Yield: 8 servings (Jamie said 10 to 12. Excuse me, I don’t think so.)
Note: If using frozen blackberries, remove from the freezer and spread out in a single layer on a baking sheet to thaw completely before using.
Wow this looks so delicious! I am a huge fan of crumble but haven’t made any in a very long time. Looks like combining flapjack with crumble (flamble?) was a good idea. Thanks for linking to #CookBlogShare
Alexandra McDermott said:
Hmm, which do you think sounds better? “Flamble” or “crumjack”? I’m afraid neither one sounds anywhere near as delectable as the dessert actually was . . .
Kate - gluten free alchemist said:
I love making crumble bakes, but usually make them with a biscuit base. Flapjack is a great idea. This is a perfect winter treat!!
I can’t imagine a world with no Golden Syrup! Thanks so much for sharing with this months Tea Time Treats 🙂
Alexandra McDermott said:
I don’t know how I survived before discovering it! Ah well, better late than never, right?

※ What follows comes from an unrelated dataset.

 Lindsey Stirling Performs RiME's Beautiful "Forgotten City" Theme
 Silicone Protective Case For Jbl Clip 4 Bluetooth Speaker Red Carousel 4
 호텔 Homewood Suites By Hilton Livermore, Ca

Oh blackberry and apple crumble is an absolute British classic. Your flapjack topping looks the business. I often add oats and nuts to my crumble topping, but have not gone quite as far as this. Sounds like I need to give it a go.
Alexandra McDermott said:
I can see why apples and blackberries is such a classic over here–they are absolutely delicious and look so beautiful together!
Meredyth Richards said:
How does fruit n’ jack crumble sound since the fruit is the star, or maybe not. whatever it is called, we will have it for Christmas.
Thank you Allie. Grandmother Richards
Alexandra McDermott said:
Oh, I like the name! I hope you enjoy it, and have a wonderful Christmas!